=== What this task involves ===
Write out the listing verbatim. No pictures belong in it.

=== Provided data ===
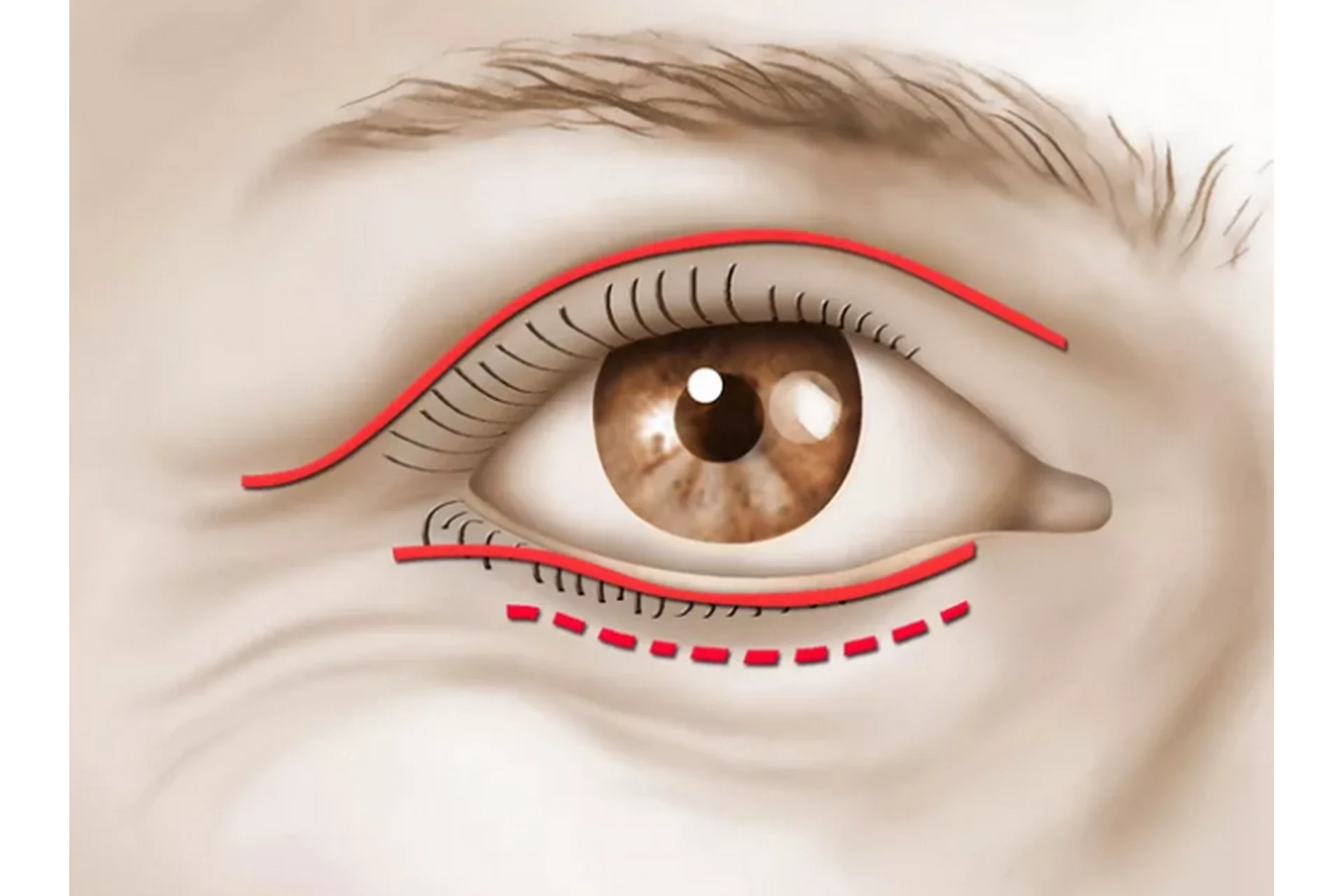 Верхние и нижние веки (Светлана Соковикова), фото 1 из 1.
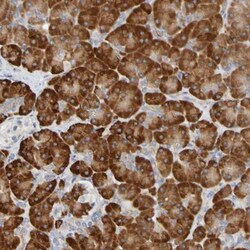 C11orf24 Antibody, Novus Biologicals 0.1mL; Unlabeled:Antibodies, Polyclonal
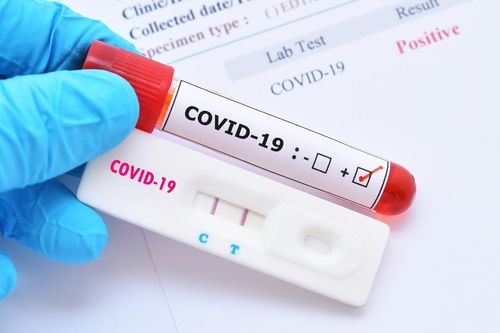 Singapore phát triển bộ xét nghiệm Covid-19 trong 2 giờ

=== Final answer ===
 Верхние и нижние веки (Светлана Соковикова), фото 1 из 1.
 C11orf24 Antibody, Novus Biologicals 0.1mL; Unlabeled:Antibodies, Polyclonal
 Singapore phát triển bộ xét nghiệm Covid-19 trong 2 giờ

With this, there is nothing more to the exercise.